Fiancee Visa (K1 Visa) Former CSC (INS) Adjudicator

Agricultural Worker (H2A Visa)

 
 
US Immigration Lawyer
AILA Update
USCIS Infopass
 

The one visa category that authorizes aliens to work as seasonal farm workers in the United States is the H-2A nonimmigrant category. This category authorizes the temporary admission of foreign agricultural workers to perform work that is itself temporary in nature, provided U.S. workers are not available. There is no numerical limitation on the number of these visas that may be issued each year, but a limited form of labor certification is required.

The H-2A visa requires employers to provide a number of benefits to their temporary workers, including minimum rates of pay at least at the prevailing wage level, transportation to and from their temporary residence as well as to new worksites, housing meeting federal standards, meals and workers compensation insurance.

Employers must first conduct an affirmative search for available U.S. workers and the DOL must determine that admitting alien workers will not adversely affect the wages and working conditions of similarly employed U.S. workers. Employers are required to apply for H-2A certification at least 45 days in advance of the estimated date of need. DOL is required to act on H-2A certification requests at least 30 days in advance of the date of need, establishing a limited 15-day domestic recruitment period.

After DOL approves the labor certification petition, the employer files a petition with USCIS for named or unnamed alien beneficiaries.
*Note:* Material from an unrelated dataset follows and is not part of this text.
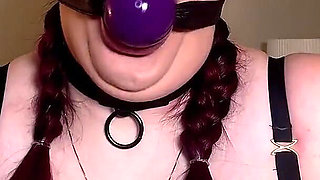 Lacey's Ballgag Play: a Submissive's Display of Devotion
When USCIS approves the petition, it forwards the notice of the approval to the appropriate US consulate where the alien applies for their H-2A visa. The consulate issues the visa for a period up to 1 year in duration. Extensions of the H-2A visa may be granted for up to a total of 3 consecutive years.
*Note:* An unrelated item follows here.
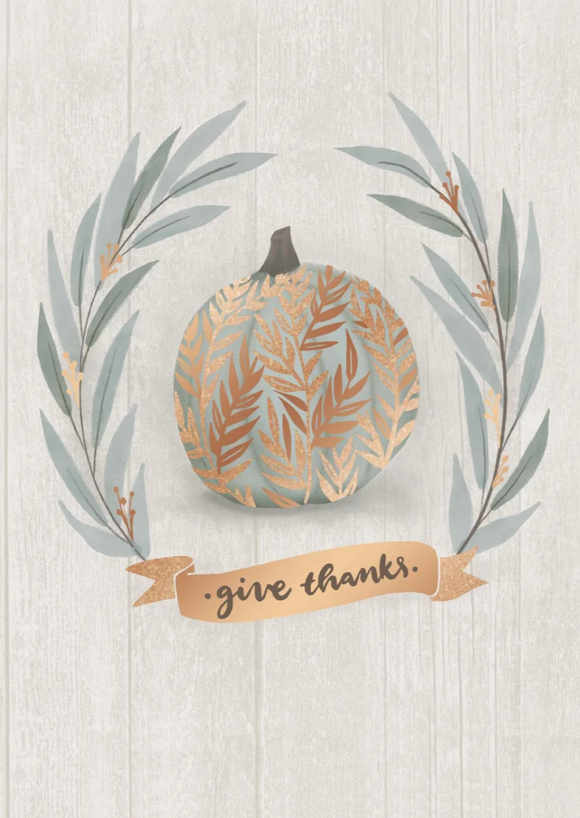 Thanksgiving - Laurel & Pumpkin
Filing the I-129 Petition:

USCIS Form I-129 consists of a basic petition and different supplements that apply to the various visa categories. In order to petition for a temporary worker, the prospective employer or agent must file Form I-129, Petition for Nonimmigrant Worker, and the appropriate supplement with the U.S. Citizenship and Immigration Services (USCIS) accompanied by the required payment, and initial evidence or documentation.

Once the petition is approved, the employer or agent is sent a Notice of Approval, Form I-797. Approval of a petition does not guarantee visa issuance to an applicant. Applicants must also establish that they are admissible to the U.S. under provisions of the Immigration and Nationality Act (INA).

Applying for the Visa:

If the prospective worker (beneficiary) is outside of the country, he must apply for a visa. After the USCIS has approved the I-129 and sent notice to the consulate in the beneficiary’s country, the beneficiary must file a visa application with the consulate. Some aliens may be visa exempt. In those cases, the I-129 approval notice is sent to the port of entry (POE) where the beneficiary intends to apply for admission. For specific procedures on Visa Application Procedures, Required Documentation and Visa Ineligibility Waiver, please visit Visa Services at the Department of State.

If the beneficiary is already in the U.S. and is changing from one nonimmigrant status to another, a visa is not required. However, a visa may be required if the beneficiary subsequently leaves the U.S. and wishes to re-enter.

Entry into the U.S.

Applicants should be aware that a visa does not guarantee entry into the United States. The U.S. Customs and Border Protection (CBP) has authority to deny admission at the port of entry to any applicant who is inadmissible under INA, even if the applicant has a visa. Also, the CBP, not the consular officer, determines the period for which the bearer of a temporary work visa is authorized to remain in the United States. At the port of entry, CBP officials issue Form I-94, Record of Arrival-Departure, which notes the length of stay permitted. The decision to grant or deny a request for extension of stay, however, is made solely by the USCIS.

When to file:

Petitions should be filed as soon as possible, but no more than 6 months before the proposed employment will begin or the extension of stay is required. If the petition is not submitted at least 45 days before the employment will begin, petition processing and subsequent visa issuance may not be completed before the alien's services are required or previous employment authorization ends.